COAL: 1979 VW Rabbit Diesel: You Can’t Get There From Here

’79 VW Rabbit in its natural habitat.

(Heath McClure is back with another highly entertaining installment of his COAL. Don’t miss it. PN)

If ya recall, we skipped ahead on our heroes Life Well Lived™ and bypassed the 1984 VW Rabbit diesel.  Some of you, sadists all, wanted to hear the sad tale of that Rabbit, its foibles and folly, and how it brought me to ultimate ruin.  But first we have to go back in time, because there was a first Rabbit diesel, a 1979 model.  Yes indeed, I’m living proof that, “Fool me once, shame on you, fool me twice, shame on me.” 

You just know that car is about to leap into the air!!

It was the very early ’90s, we were living in central Texas near Temple, and I was dreaming of a car.  Again.  Not just any car, my friend, for at that point in my life I was neatly obsessed with two things, Volkswagen and fuel economy, and as we all know, the perfect joining of those twin desires manifests itself in the first generation Rabbit diesel.  Straight and simple lines, massive greenhouse, tight component packaging, front wheel drive, and a tidy little 1.5 liter four banger diesel coupled to a four-speed manual shifter.  Yep, no finer example of a pure and true car exists on this planet, not from the past, not from now, and not from the future.  Whatever you own, it’s inferior to the Mark 1 VW Golf, whatever you hope to own will never measure up.  I had to have one.  It was my destiny.  

Logically Mr. Spock would have approved of this car.

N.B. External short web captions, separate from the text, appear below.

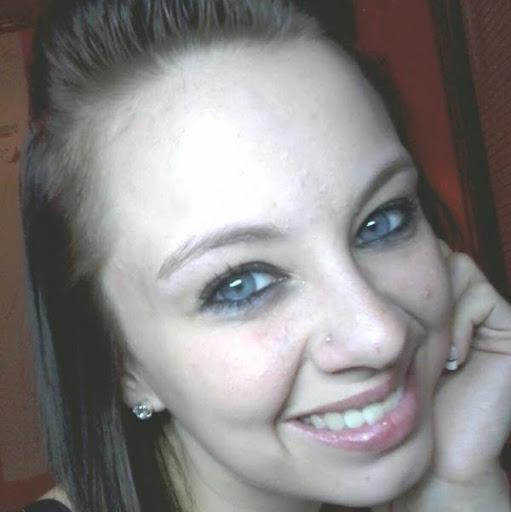 Kaitlyn Lucas Photo 16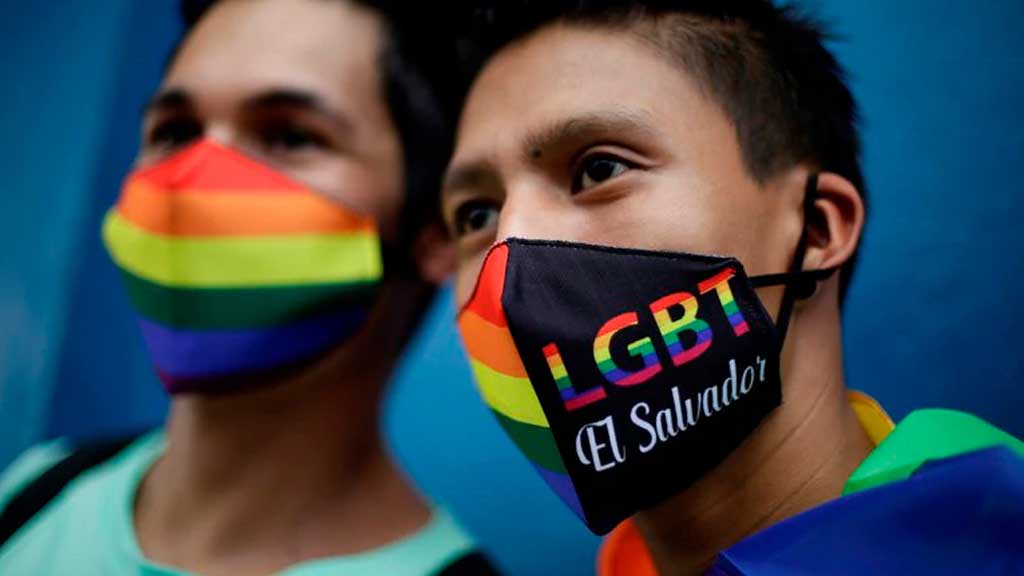 Los colores del Orgullo LGBTI vuelven a las calles de San Salvador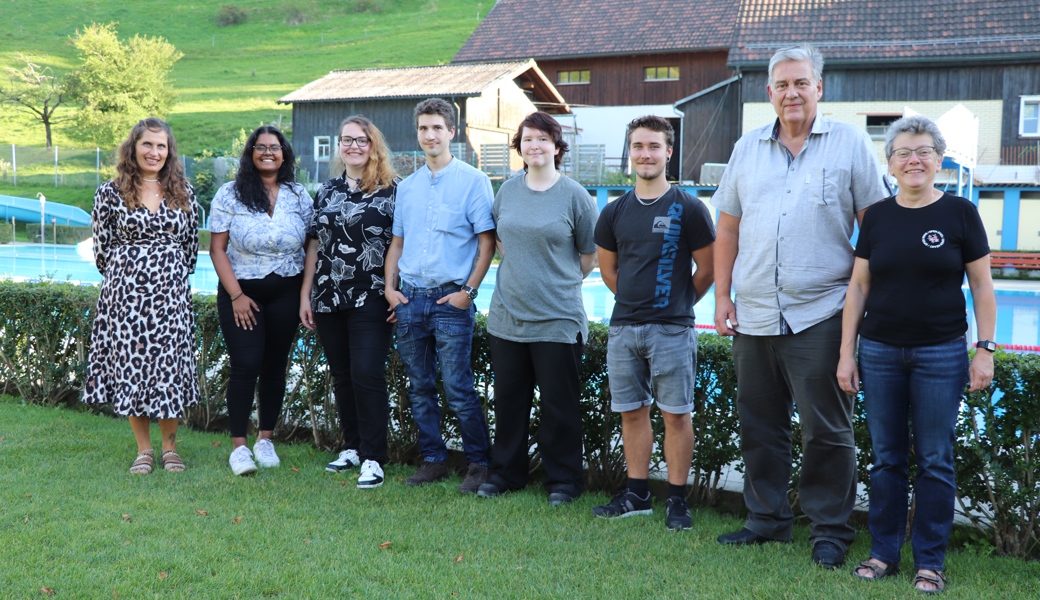 v. l.: Rahel Weder (Jugendkommission), Ilakkia Singarajah, Emanuelle Neuhauser, Domenik Baumgartner, Leonie Neuhauser, Roman Jakob, Markus Pfister (Gemeinderat), Karin Steingruber (Gemeinderätin).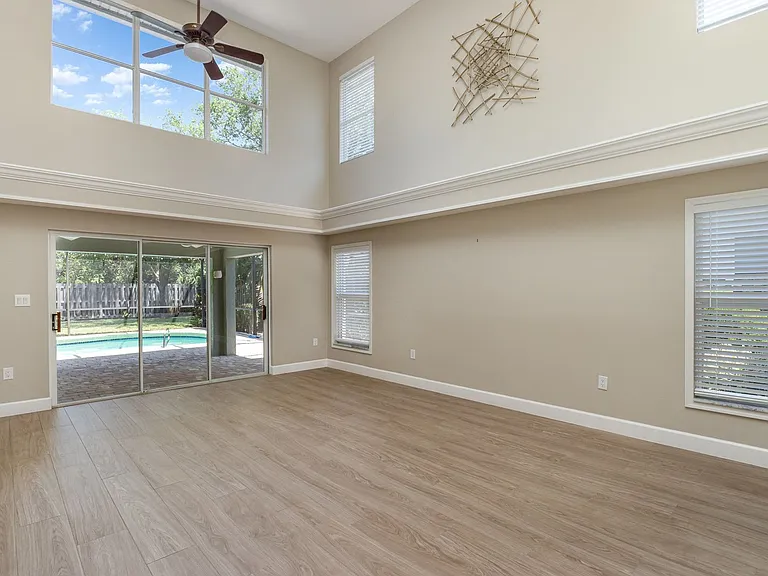3236 Helmsdale Ct — Photo 4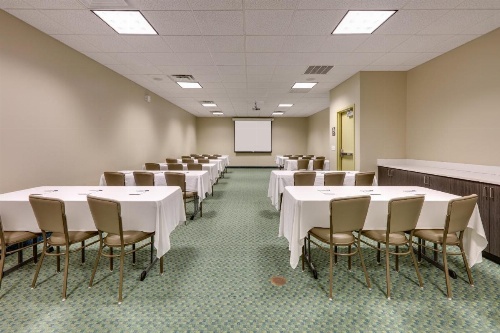 Candlewood Suites Salina image 9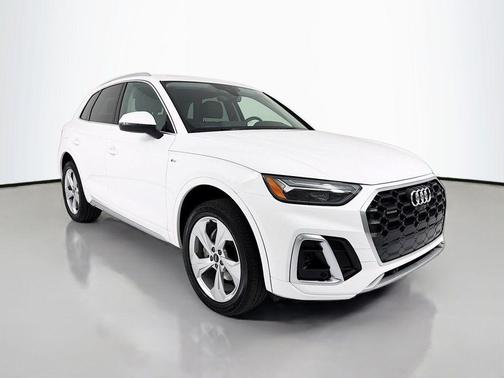 Ibis White 2023 Audi Q5 45 S line Premium Plus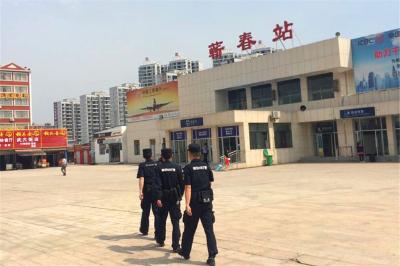 亮剑反恐！蕲春巡特警大队加大治安防控力度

But where to find one?  Even in the days when Depeche Mode was still a viable top 40 listening choice for some odd reason they had become rare.  Luckily, family came to the rescue.  My father-in-law owned a ’79 model, 3-door hatch, in Kenmore refrigerator white, with the diesel, and almost nothing else, a stripper base model, exactly what I wanted, a car filled with whole grain goodness and no extra fillers, as the VW gods intended. This is a first generation Rabbit, aka the Golf Mk I in more stern lands. Gearheads today universally pour love on the Germanically pure early first generation, and heap scorn on the Buickized later models.  I’ve had both. Meh.  The Buick version has square headlights and puffier dash, like it’s having anaphylactic shock after a bee sting, but frankly isn’t a whole lot different overall. 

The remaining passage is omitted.